[Information]
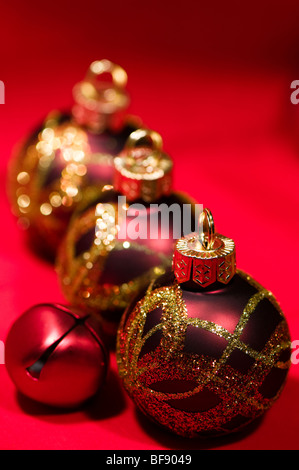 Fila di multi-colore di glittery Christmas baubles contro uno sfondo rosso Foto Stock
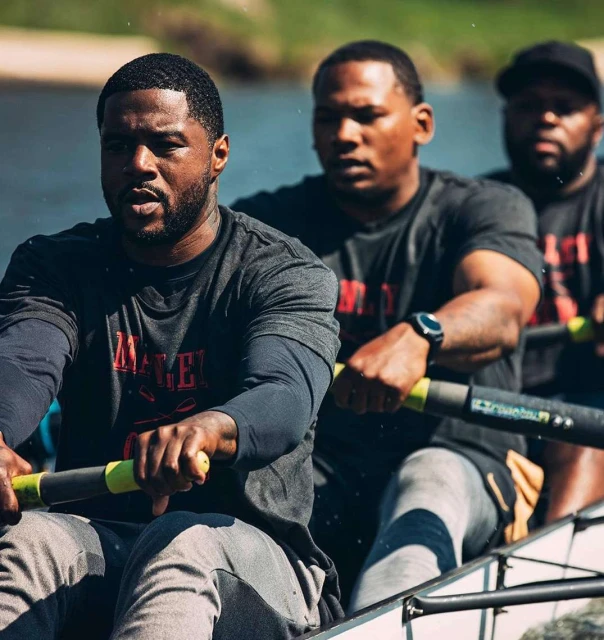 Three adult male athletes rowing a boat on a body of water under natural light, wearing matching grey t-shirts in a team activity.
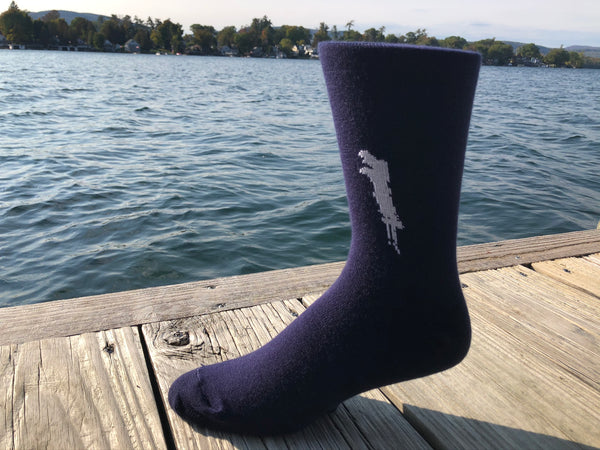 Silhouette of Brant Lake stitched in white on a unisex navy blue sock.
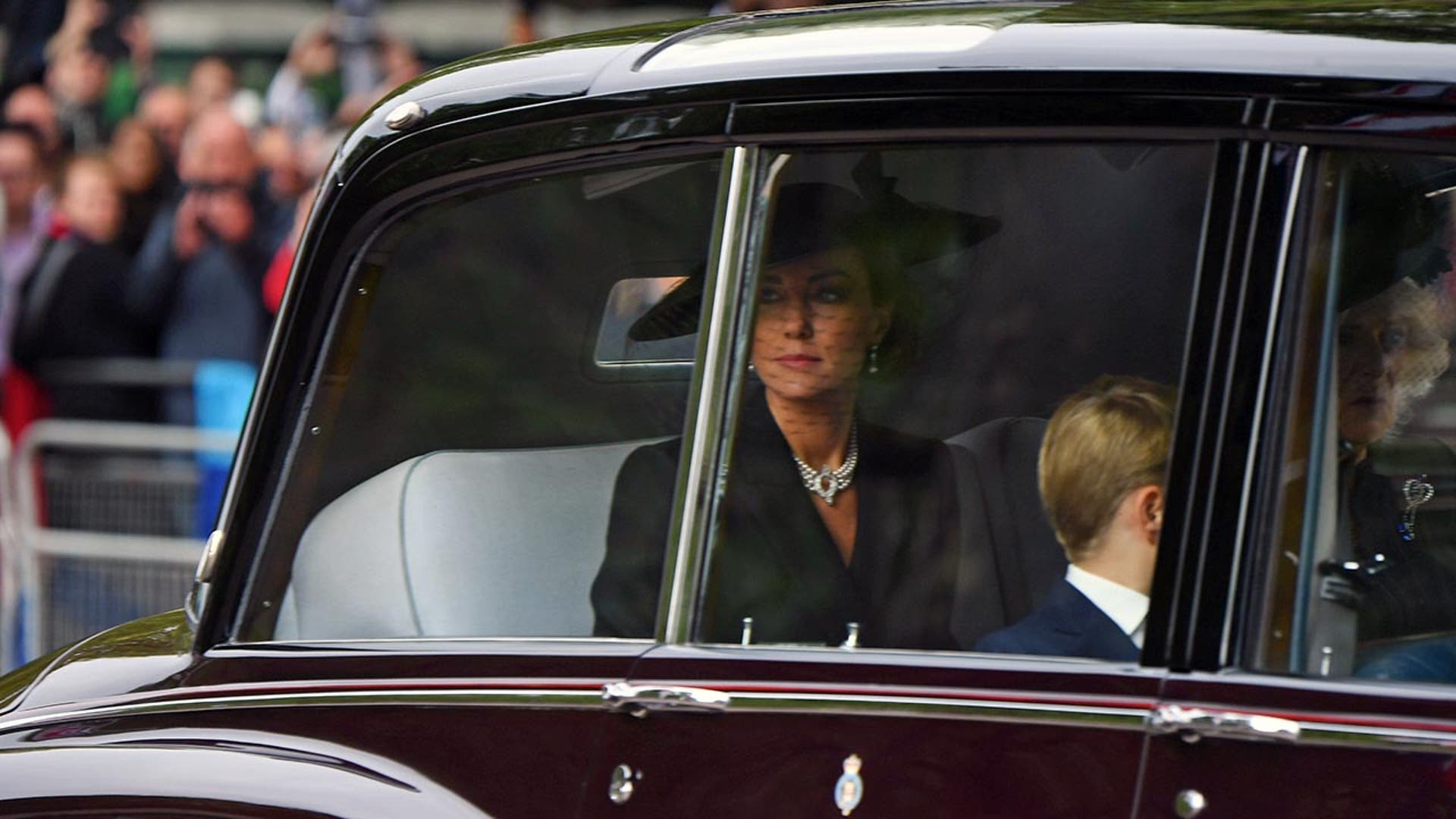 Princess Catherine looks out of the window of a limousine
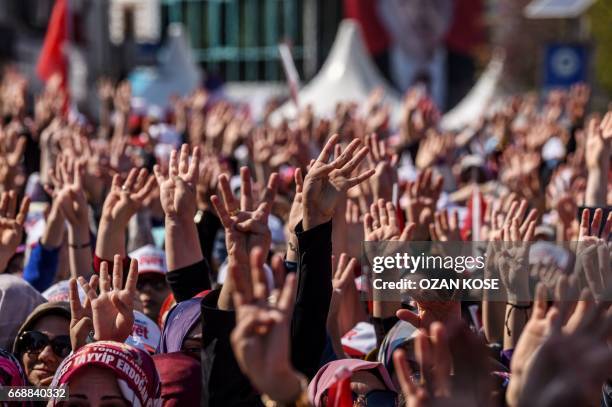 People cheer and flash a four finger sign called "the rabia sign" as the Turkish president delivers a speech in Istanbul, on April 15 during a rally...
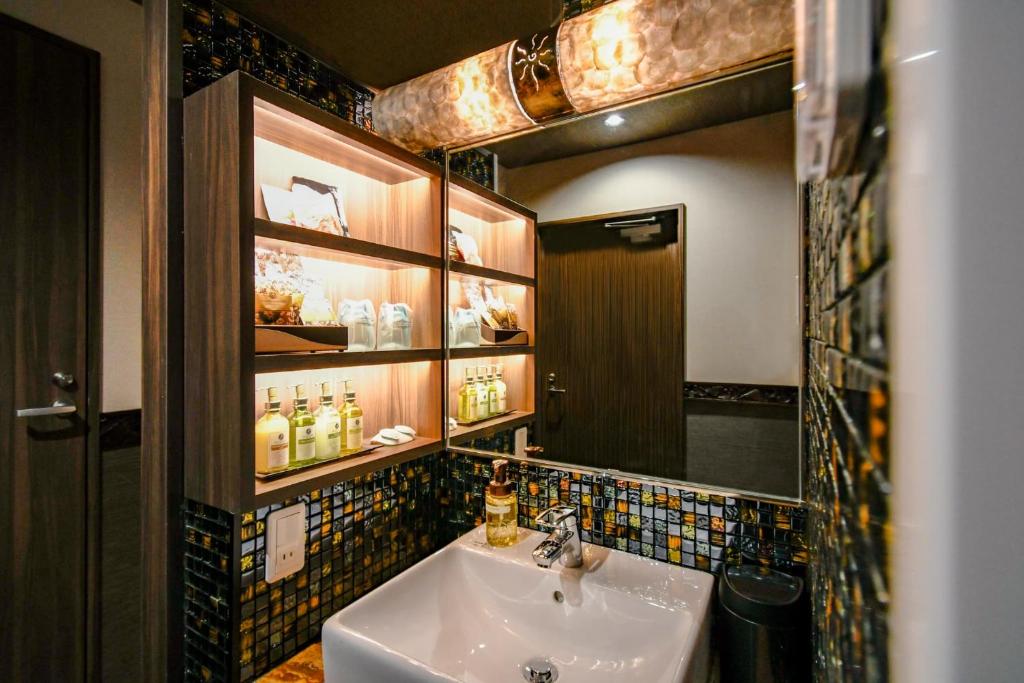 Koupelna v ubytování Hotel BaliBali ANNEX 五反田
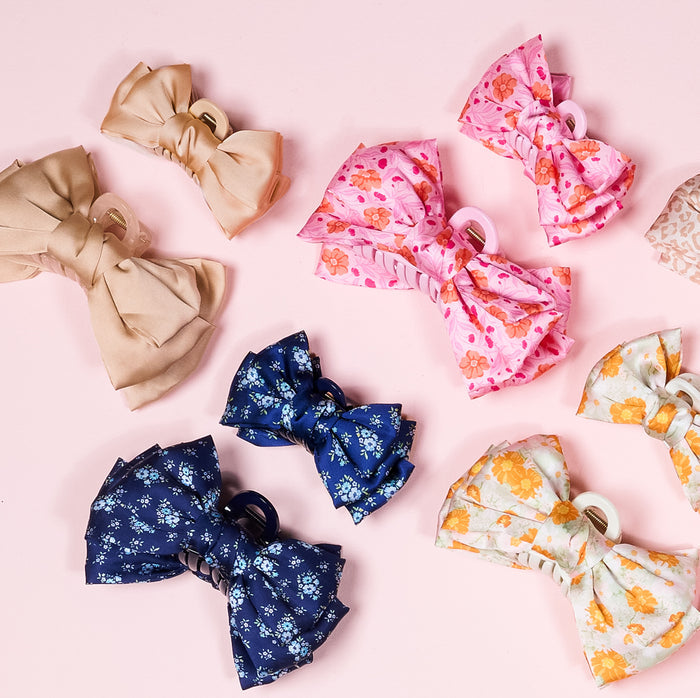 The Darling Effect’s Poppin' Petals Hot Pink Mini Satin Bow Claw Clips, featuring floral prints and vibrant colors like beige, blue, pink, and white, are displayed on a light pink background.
[/Information]
**What the task requires:** Verbatim transcription needed, from the opening line of the entries above through the line containing "Princess Catherine looks"; pictures do not belong in it.

**Answer section:**
 Fila di multi-colore di glittery Christmas baubles contro uno sfondo rosso Foto Stock
 Three adult male athletes rowing a boat on a body of water under natural light, wearing matching grey t-shirts in a team activity.
 Silhouette of Brant Lake stitched in white on a unisex navy blue sock.
 Princess Catherine looks out of the window of a limousine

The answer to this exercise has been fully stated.